Mijn cliënte stelt zich ten opzichte van de gemeente Moerdijk op het standpunt dat, indien de werkzaamheden op het moment van het bereiken van de maximumprijs nog niet zijn voltooid, deze in opdracht en voor rekening van de gemeente dienen te worden voortgezet. De gemeente behoudt zich echter uitdrukkelijk het recht voor om verdere werkzaamheden op te dragen aan een andere partij dan u.

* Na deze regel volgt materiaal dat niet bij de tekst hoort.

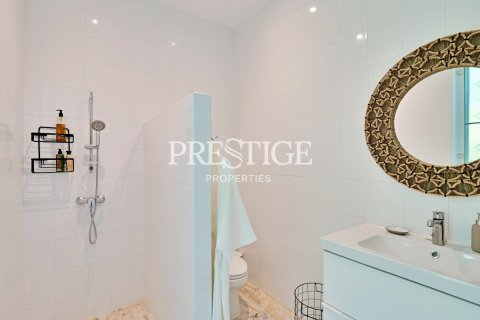 House in Pattaya, Thailand 4 bedrooms № 198473 - photo 25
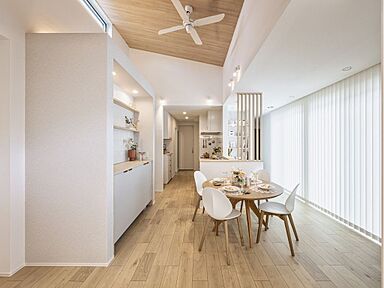 株式会社建匠の施工事例「空とつながる開放的なテラス。プライバシーと開放感を両立した平屋」の画像1
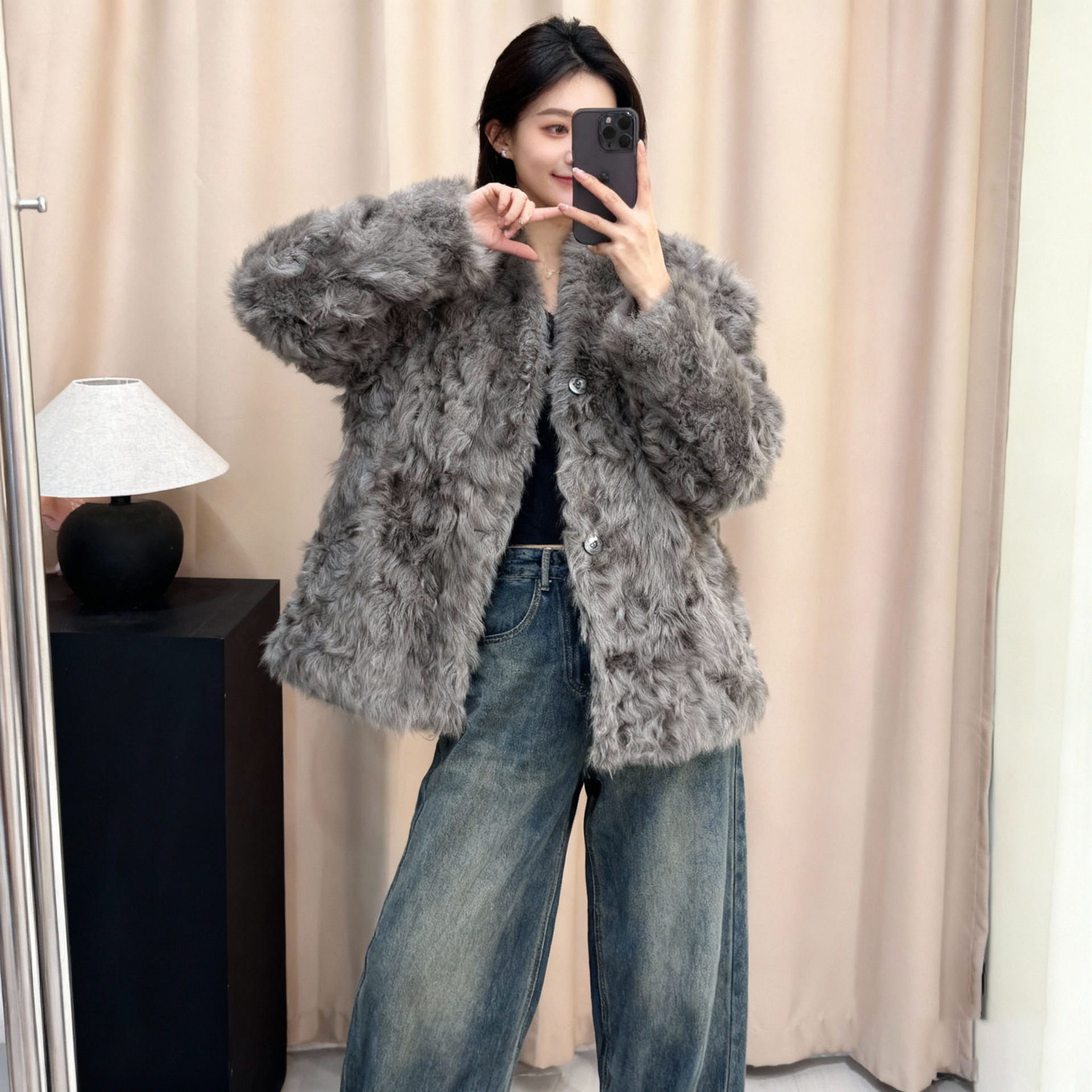 海宁整皮羊羔毛一体显瘦女大衣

Indien en zodra voor u voorzienbaar is dat de werkzaamheden op het moment van het bereiken van de maximumprijs nog niet (volledig) zullen zijn voltooid en in ieder geval op het moment dat de maximumprijs is bereikt, dient u zich in verbinding te stellen met de gemeente Moerdijk, contactpersoon [contactpersoon van de gemeente] (…), teneinde met deze partij te bespreken of, en zo ja, onder welke condities, u uw werkzaamheden eventueel kunt voortzetten in opdracht van de gemeente.”
3.1.11.
[het Adviesburo Kwaliteits-, Milieu- en Incident Management] heeft tussen 8 en 10 januari 2011 een hoeveelheid van 1.330 ton bluswater opgezogen en afgevoerd naar ATM. Het opgezogen bluswater is opgeslagen in de Pafos.
3.1.12.
Bij beschikking van 12 januari 2011 heeft de gemeente aan Chemie-Pack een last onder bestuursdwang opgelegd tot verwijdering, eventuele opslag en afvoer naar een verwerker van het nog aanwezige verontreinigde (blus)water en het residu (slurrielaag). In de beschikking is vermeld dat de bestuursdwang zal worden geëffectueerd op het moment dat het verwijderen van het (blus)water en de slurrielaag door of namens Chemie-Pack wordt gestaakt of als met het verwijderen van het (blus)water en slurrielaag alsnog niet wordt aangevangen.
3.1.13.
Chemie-Pack heeft ter uitvoering van die beschikking op 14 januari 2011 aan [schoonmaakbedrijf] [vestigingsnaam] BV (hierna: [schoonmaakbedrijf] ) opdracht verstrekt tot het verwijderen en de opslag van het (blus)water en de zichtbare slurrie tot een bedrag van (uiteindelijk) maximaal € 200.000 exclusief btw.
3.1.14.
[schoonmaakbedrijf] heeft in het kader van de door Chemie-Pack aan haar verstrekte opdracht een hoeveelheid van 3.630 ton (blus)water opgezogen en afgevoerd naar ATM, waarvan 2.294 ton met instemming van [het Adviesburo Kwaliteits-, Milieu- en Incident Management] is opgeslagen in de Pafos en circa 1.260 ton in een landtank van ATM.
3.1.15.
Bij e-mailbericht van 24 januari 2011 heeft [het Adviesburo Kwaliteits-, Milieu- en Incident Management] Chemie-Pack bericht dat het bedrag van € 300.000 overschreden zou gaan worden door de kosten van voortdurende opslag. In dit e-mailbericht is voorts onder andere het volgende vermeld:
“Deze opdracht is door ons uitgevoerd binnen de door de overheid gestelde termijn van 48 uur, rest nog wel dat er nog steeds dagelijkse kosten ontstaan door de huur van het motorschip Pafos waar de verwijderde bluswaters in zijn opgeslagen, na een lossing van het schip zijn er nog reinigingskosten van schip die ook onder onze opdracht vallen. (…)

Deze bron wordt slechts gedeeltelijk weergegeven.